WORK TO COMPLETE> Go through the entries below and say how many lines contain the string "White"; write only that number.

BEGIN EXTRACTED INFORMATION

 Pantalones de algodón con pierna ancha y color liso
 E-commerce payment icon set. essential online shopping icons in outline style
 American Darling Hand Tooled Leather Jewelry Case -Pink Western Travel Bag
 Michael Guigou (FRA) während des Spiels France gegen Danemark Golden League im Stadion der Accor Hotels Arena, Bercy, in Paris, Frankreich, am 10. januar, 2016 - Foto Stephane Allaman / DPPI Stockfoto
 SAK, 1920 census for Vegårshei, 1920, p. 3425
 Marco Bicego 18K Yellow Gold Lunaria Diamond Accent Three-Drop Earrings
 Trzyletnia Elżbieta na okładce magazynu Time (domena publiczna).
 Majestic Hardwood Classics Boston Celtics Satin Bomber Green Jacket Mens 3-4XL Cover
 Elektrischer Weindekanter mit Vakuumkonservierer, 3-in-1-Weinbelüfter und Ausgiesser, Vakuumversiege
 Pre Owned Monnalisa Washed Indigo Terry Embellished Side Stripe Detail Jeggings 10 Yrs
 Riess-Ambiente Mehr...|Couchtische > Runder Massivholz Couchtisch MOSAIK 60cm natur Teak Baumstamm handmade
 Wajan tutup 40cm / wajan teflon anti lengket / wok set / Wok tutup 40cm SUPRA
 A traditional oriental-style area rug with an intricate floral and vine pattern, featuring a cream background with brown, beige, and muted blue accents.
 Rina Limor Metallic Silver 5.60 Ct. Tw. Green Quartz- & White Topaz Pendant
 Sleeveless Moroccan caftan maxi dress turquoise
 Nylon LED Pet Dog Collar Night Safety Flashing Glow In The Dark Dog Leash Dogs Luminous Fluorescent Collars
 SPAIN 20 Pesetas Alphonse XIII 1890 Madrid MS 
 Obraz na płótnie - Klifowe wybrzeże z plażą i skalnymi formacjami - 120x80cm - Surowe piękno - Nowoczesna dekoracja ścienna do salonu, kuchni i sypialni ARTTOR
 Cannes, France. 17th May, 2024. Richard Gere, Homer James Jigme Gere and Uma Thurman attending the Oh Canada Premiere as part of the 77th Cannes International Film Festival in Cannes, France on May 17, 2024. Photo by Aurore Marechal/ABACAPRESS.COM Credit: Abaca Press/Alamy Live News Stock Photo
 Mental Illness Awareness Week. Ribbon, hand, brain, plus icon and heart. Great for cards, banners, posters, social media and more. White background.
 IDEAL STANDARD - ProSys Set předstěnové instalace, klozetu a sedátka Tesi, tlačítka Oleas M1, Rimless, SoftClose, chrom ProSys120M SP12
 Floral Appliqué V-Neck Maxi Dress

END EXTRACTED INFORMATION

WRITTEN RESPONSE> 2